In the final subsystem, an activity log 144 and a user profile repository 146 communicate with an adaptive learning unit 148. The adaptive learning unit also communicates with the dialogue manager 128. A personalisation module 150 also communicates with the user profiles repository 146 and the dialogue manager 128.

Referring back to Figure 1, the various functional components are briefly described as follows:

Voice Control 19 This allows the system to be independent of the ASR 22 and TTS 26 by providing an interface to either proprietary or non-proprietary speech recognition, text to speech and telephony components. The TTS may be replaced by, or supplemented by, recorded voice. The voice control also provides for logging and assessing call quality. The voice

control will optimise the performance of the ASR.
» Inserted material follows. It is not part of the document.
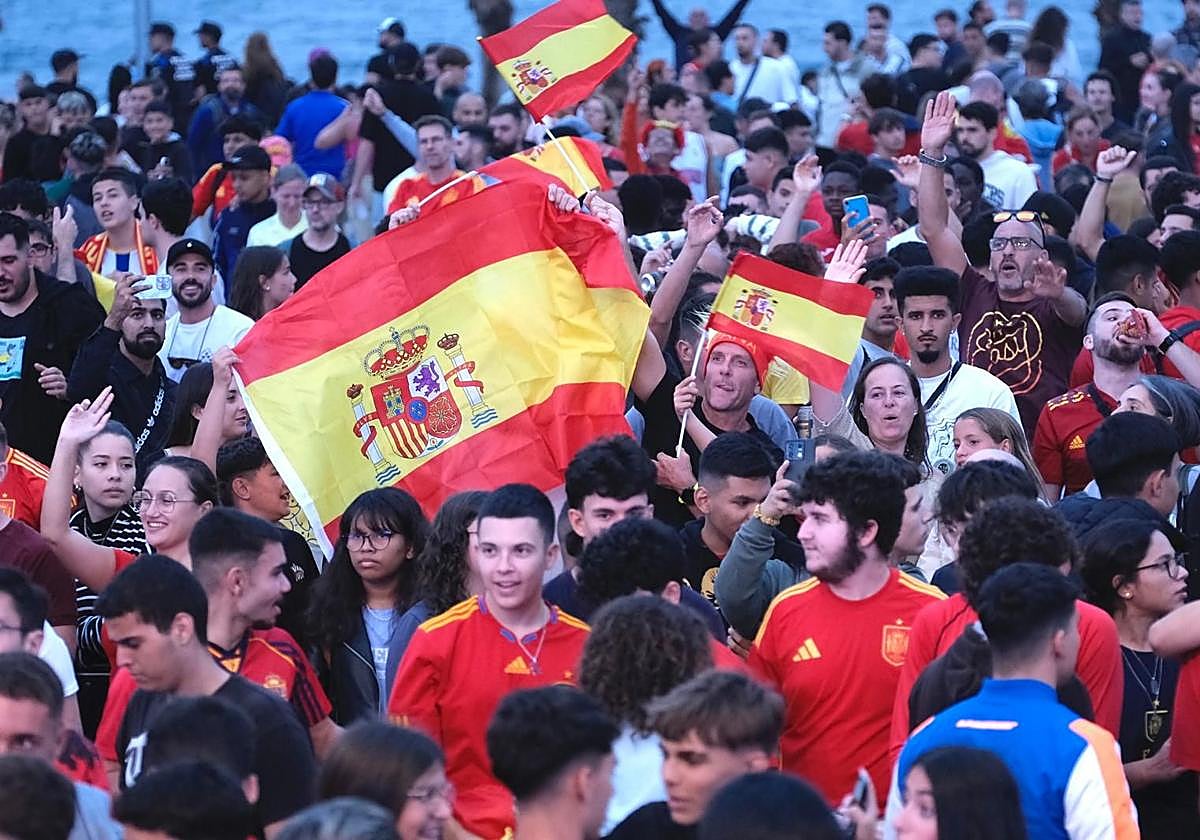 La Plaza de la Música se tiñe de rojo para ver la Eurocopa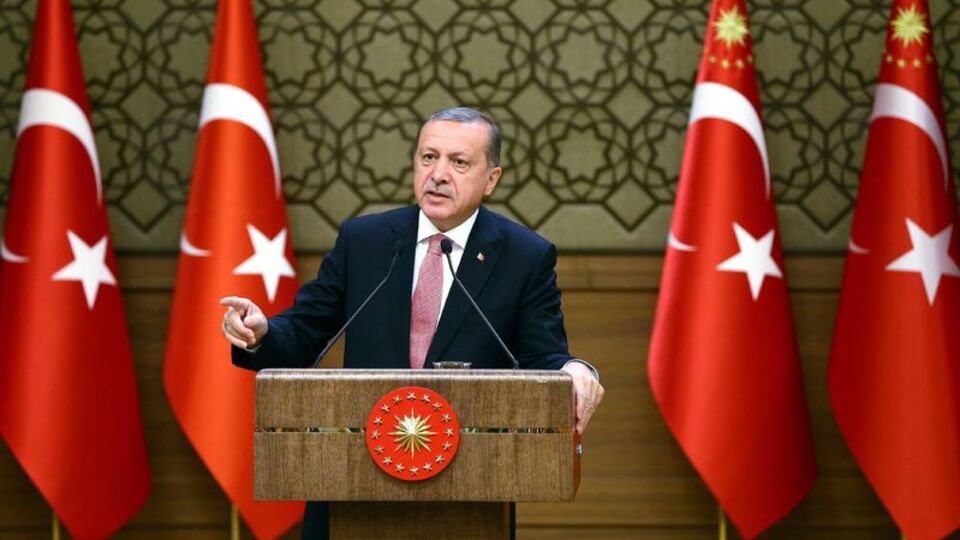 "Bu millet imanlı çılgın Türkler"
Spoken Lanquacre Interface Repository 30 In contrast to the prior art, grammars, that is constructs and user utterances for which the system listens, prompts and workflow descriptors are stored as data in a database rather than written in time consuming ASR/TTS specific scripts. As a result, multiple languages can be readily supported with greatly reduced development time, a multi-user development environment is facilitated and the database can be updated at anytime to reflect new or updated applications without taking the system down. The data is stored in a notation independent form. The data is converted or compiled between the repository and the voice control to the optimal notation for the ASR being used.

This enables the system to be ASR independent.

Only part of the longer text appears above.